“Rock of Ages” is a hit, award-nominated Broadway Jukebox Musical that has ran on and off since its debut in 2006. In the film version, director Adam Shankman (“Hairspray,” “A Walk to Remember”) has used his background in dance and music to bring the light-hearted comedic stage show to the big screen with the help of classic ‘80s metal and an all-star celebrity cast.
In 1987, Sherrie Christian (Julianne Hough) — a small-town girl from Oklahoma — travels to Los Angeles in hopes of making her singing and acting dreams come true. Upon arrival, she is mugged and helped out by Drew Boley (Diego Boneta), who works as a busboy at the infamous rock club The Bourbon Room. Drew persuades the club’s owner, Dennis Dupree (Alec Baldwin), to hire her as a waitress for the club.
Dennis’ right-hand man, Lonny (Russell Brand), is by his side helping him try to revive the dying club. Their one last shot at keeping The Bourbon Room alive is to hold a farewell concert for the rock band Arsenal, as it is their last show before lead singer Stacee Jaxx (Tom Cruise) goes solo in his career. Things would be easier if it weren’t for Stacee’s sleazy manager Paul Gill (Paul Giamatti) and also an uprising from Mayor Mike Whitmore (Bryan Cranston) and his wife Patricia (Catherine Zeta-Jones), who are forcing their agenda of cleaning up the Los Angeles strip and ridding the town of the evil music played at The Bourbon Room.
The night of the big concert, Drew gets his big break when the opening act for Arsenal has to cancel. While Sherrie is excited, there is some trepidation on her part as she is concerned about what the spotlight can do to a man. As mistakes are made and misunderstandings occur, the young couple split and Drew gets signed by Stacee Jaxx’s manager, and Sherrie is left jobless and winds up heartbroken at the doorsteps of a strip club owned and operated by Justice Charlier (Mary J. Blige) and takes a job there. As each character’s life seems to go in opposite directions, we get revelations of characters and what each truly wants from life, but will all of this lead back to love conquering all and the chance to Rock-On once again?
“Rock of Ages” is a unique musical. It appeals to a clear demographic and although the very talented and diverse cast is sure to lead others to the theater, it is mostly designed to please those with a taste for music from the ‘80s. Personally, I wouldn’t consider myself to fall into that category, but I do like musicals and truly enjoy hearing great music from any genre as long as it is sung by someone with a great voice. This film has all of that and more, with a mixture of emotions and an overall fun atmosphere that makes you want to dance or sing-along to iconic songs by groups like; Styx, Journey, Bon Jovi, Twisted Sister, Poison and many more. The music is the highlight of the film, along with the aesthetics and array of beautifully choreographed dance numbers, accompanied by some great performance by Tom Cruise, Diego Boneta, Mary J. Blige, Catherine Zeta-Jones and others.
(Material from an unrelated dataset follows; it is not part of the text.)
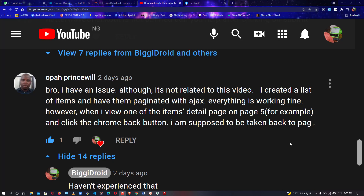A request came up on my channel two days ago to fix a pagination issue. The user said: I created a list of items and have them paginated. Everything is working fine, however when I view one of the item detail pages on page five and try to go back, it's supposed to take me back to where I clicked from, but instead it's starting from page one.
While it has a surprisingly light-hearted tone, “Rock of Ages” has given Tom Cruise the chance to play the type of wildly outrageous role that he does all too well. The constant state of intoxication — mixed with women of a very open mindset – creates humor in the character of Stacee Jaxx. He is funny, while being raunchy and even a little sad. You can see all of these emotions shine through the performance while Tom Cruise belts out musical numbers like “Wanted Dead or Alive” and “Pour Some Sugar on Me” to an ecstatic crowd.
Diego Boneta is a great discovery and I was amazed at his voice and not at all surprised that he has been singing publicly since he was just 13 years old. I thought he had good chemistry with Julianne Hough’s Sherrie, but seeing as this is the true definition of an ensemble cast, there doesn’t seem to be a central star – unless you count the music.
Also worth noting: Mary J. Blige really impressed me. Despite a small amount of screen time, she still was one of my favorite characters. We already know that she can sing, but the sassiness and strength she brought to her character, Justice, was great.
There were many storylines going on, so it is hard to highlight them all, but I believe the movie provides a fun, entertaining time while also tapping into the deep nostalgia that most people have for that certain decade of their youth. Although I grew up in the ‘80s, I was too young to be into the music. However, I still knew a majority of the songs going in and had no trouble singing along with the music.
While there are a few problems with the film, they were minor. The mixture of music, visuals, great costumes and wild hair is sure to keep all who see “Rock of Ages” entertained.